Filed by a Party other than the Registrant     

Check the appropriate box:

Preliminary Proxy Statement
Confidential, For Use of the Commission Only (as permitted by Rule 14a-6(e)(2))
Definitive Proxy Statement
Definitive Additional Materials
Soliciting Material Pursuant to §240.14a-12

 

CATALYST BIOSCIENCES, INC.

(Name of Registrant as Specified in Its Charter)

 

JDS1, LLC
CCUR HOLDINGS, INC.
CIDM II, LLC
JULIAN D. SINGER
DAVID S. OROS
SHELLY C. LOMBARD
MATTHEW STECKER
IGOR VOLSHTEYN

(Name of Person(s) Filing Proxy Statement, if Other Than the Registrant)

 

Payment of Filing Fee (Check the appropriate box):

 

No fee required

 

Fee paid previously with preliminary materials

 

Fee computed on table in exhibit required by Item 25(b) per Exchange Act Rules 14a6(i)(1) and 0-11

 

 

 

 

This Schedule 14A is being filed by JDS1, LLC, a Delaware limited liability company (“JDS1”), CCUR Holdings, Inc., a Delaware corporation (“CCUR”), CIDM II, LLC, a Delaware limited liability company (“CIDM II”), Julian D. Singer, David S. Oros, Shelly C. Lombard, Matthew Stecker, and Igor Volshteyn (collectively, the “JDS1 Group”). On July 19, 2022, the JDS1 Group made a definitive filing with the Securities and Exchange Commission (the “SEC”) of a proxy statement and accompanying GOLD proxy card to be used to solicit votes for the election of the JDS1 Group’s slate of three highly qualified director nominees to the Board of Directors of Catalyst Biosciences, Inc., a Delaware corporation (“Catalyst”), at Catalyst’s upcoming 2022 annual meeting of stockholders, scheduled to be held in person on August 15, 2022, and any other meeting of stockholders held in lieu thereof, and any adjournments, postponements, reschedulings, or continuations thereof (the “2022 Annual Meeting”).

Presentation to Investors First Used on July 28, 2022

On July 28, 2022, the JDS1 Group issued an investor presentation, a copy of which is attached hereto as Exhibit 1, in connection with its solicitation of votes on GOLD proxy cards for the 2022 Annual Meeting.

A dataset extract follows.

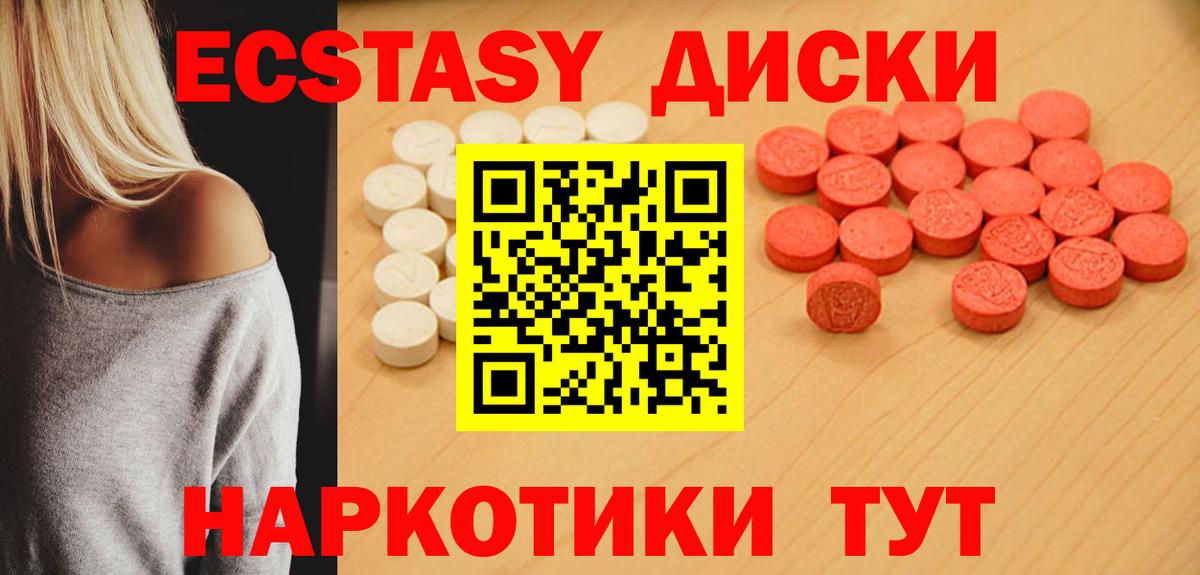 Экстази MDMA Добрянка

Additional Information and Where to Find It

On July 19, 2022, the JDS1 Group filed a definitive proxy statement and an accompanying GOLD proxy card with the SEC in connection with its solicitation of proxies for Catalyst Biosciences, Inc.’s 2022 Annual Meeting of Stockholders. BEFORE MAKING ANY VOTING DECISION, INVESTORS AND STOCKHOLDERS ARE STRONGLY ENCOURAGED TO READ THE JDS1 GROUP’S PROXY STATEMENT, THE ACCOMPANYING GOLD PROXY CARD, AND ANY AMENDMENTS AND SUPPLEMENTS THERETO, AND OTHER DOCUMENTS FILED BY THE JDS1 GROUP WITH THE SEC CAREFULLY AND IN THEIR ENTIRETY WHEN THEY BECOME AVAILABLE AS THEY WILL CONTAIN IMPORTANT INFORMATION. Information regarding the identity of participants, and their direct or indirect interests, by security holdings or otherwise, is set forth in the JDS1 Group’s Proxy Statement, including the schedules thereto. Stockholders can obtain the JDS1 Group’s Proxy Statement, any amendments or supplements to the JDS1 Group’s Proxy Statement and other documents filed by the JDS1 Group with the SEC for no charge at the SEC’s website at www.sec.gov. Copies will also be available at no charge at the following website: http://www.myproxyonline.com/jds1. Investors can also contact the JDS1 Group’s proxy solicitor, Kingsdale Advisors, toll free at 1-888-302-5677.

 

Exhibit 1 

 

JDS1, LLC’s

CASE FOR MEANINGFUL CHANGE

at

CATALYST BIOSCIENCES, INC.

(NASDAQ: CBIO)

 

July 28, 2022

 

 

 

DISCLAIMER

This presentation is for discussion and general informational purposes only. It does not have regard to the specific investment objective, financial situation, suitability, or needs of any specific person who may review this presentation and should not be taken as advice as to the merits of any investment decision.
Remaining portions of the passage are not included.